Roma, Teatro Eliseo, dal 30 gennaio all’11 febbraio 2018
Di fronte ad una pièce come Lacci, in scena in questi giorni al Teatro Eliseo, dopo i trionfi della stagione precedente al Piccolo, si capisce il perché di un successo clamoroso, che indica una via per il ripopolamento delle sale teatrali italiane. Tratto dall’omonimo bel romanzo di Domenico Starnone, che ne ha curato l’adattamento per il palcoscenico, per la regia efficacissima di Armando Pugliese, Lacci ripercorre una storia familiare esplosa, con tutti i danni collaterali possibili, e poi ricomposta in nome di una rassegnazione verso l’ineluttabilità delle dinamiche di coppia, ufficiali o clandestine che siano. Ma lo fa con una raffinatezza, con una cura del linguaggio e della composizione temporale della storia stessa, con delle interpretazioni così belle e incisive, potenti ma con un respiro di leggerezza, nella miglior accezione calviniana, da rappresentare un vero godimento per chi ama il teatro. Silvio Orlando e Vanessa Scalera sono i due coniugi, Aldo e Vanda, il cui cammino è stato spezzato dal tradimento di lui, anni addietro, sfociato in un allontanamento dal nucleo familiare durato quattro anni. Anni di sofferenza per Vanda e i figli, anni di speranza dolorosa per lui, in cui il fallimento si renderà doppio, verso la sua famiglia e verso l’illusione di una nuova vita di coppia.
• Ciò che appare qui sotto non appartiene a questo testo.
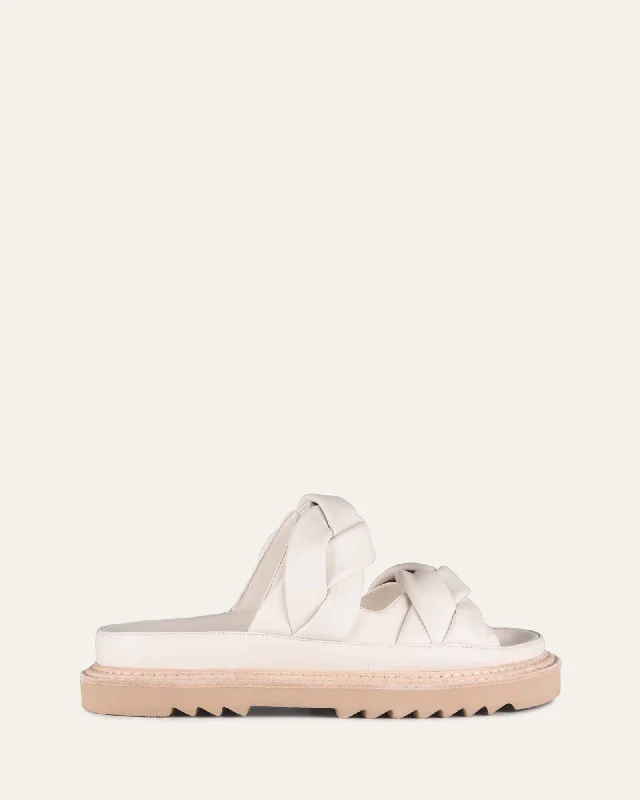Women's Leather - Strapped Sandals with a Braided Detail in Brown for a Rustic Appeal Women's Leather - Strapped Sandals with a Braided Detail in Brown for a Rustic Appeal Orthopedic Women's Sandals with Arch Support in Gray for Foot HealthVENUS FLAT SLIDES OFF WHITE LEATHER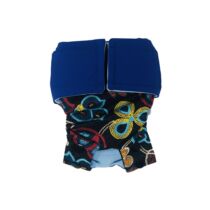 Black Four Seasons Flower on Blue  Dog Diaper Snappy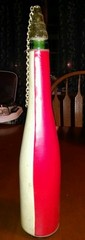 Vntg Leather Wine Bottle. Probably Italy, Green, White, Red, With Wood Stopper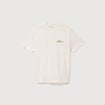 T-shirt droit en coton col rond ecru homme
Ci sarà il ritorno, sì, all’ovile, ma sarà un ordine apparente che nasconde il disordine reale. Come una casa prima di essere messa a soqquadro dai ladri. Ma Lacci (lacci interiori, forti) è anche una mirabile esposizione di quattro punti di vista differenti sugli stessi accadimenti. Ci sono infatti anche quelli dei due figli, “cresciuti malissimo”, su cui ricadono le colpe dei genitori. Di entrambi i genitori, si. Qui il testo di Starnone è straordinario, rimane aperto ad ogni interpretazione e la comparsa nel finale di Piergiorgio Bellocchio e Maria Laura Rondanini rende benissimo il tormento dei ragazzi ormai cresciuti e il disagio nei confronti delle verità sui loro genitori, immaginate o reali. Sì, il regista realizza cinque scene per narrare tutta la storia, alla quale si possono attribuire anche significati che travalicano la vita di una coppia allargandosi ad un mood sociale prettamente italiano, tutto quel che volete. Ma va detto che Lacci è spettacolo di prosa delizioso, ricco di contenuti, profondo ma mai pesante, interpretato straordinariamente bene, godibile, che rimane dentro. Silvio Orlando, perfetto nel ruolo, parla anche coi silenzi, con la postura del corpo, una maschera bonaria ma torbida. Vanessa Scalera è di una potenza interpretativa impressionante, entusiasmante nel duro dialogo finale e rivelatore, faccia a faccia con Orlando/Aldo. Roberto Nobile non lo scopriamo certamente ora, ma il suo personaggio (Nadar, vicino di casa), porta quel tocco di leggerezza ironica che rende ancor più godibile il tutto, una pennellata di gran classe la sua. Bellocchio e Rondanini, nel ruolo dei figli, nel finale, bravissimi nel trasmettere un disagio generazionale, vittime del proprio vissuto familiare e a loro volta cinici. Bella la scena mobile di Roberto Crea, l’appartamento di Vanda e Aldo, che con le luci di Gaetano La Mela ricostruisce un ambiente elegante ma senza colori, piatto. Ordinato, appunto, ma che nasconde dolori, segreti e sorprese. Come tante famiglie. Con Lacci, a vincere è il teatro e questo spettacolo dimostra che la discriminante per il pubblico non è il ridere o meno, ma la qualità di un lavoro, che in questo caso è altissima. Imperdibile.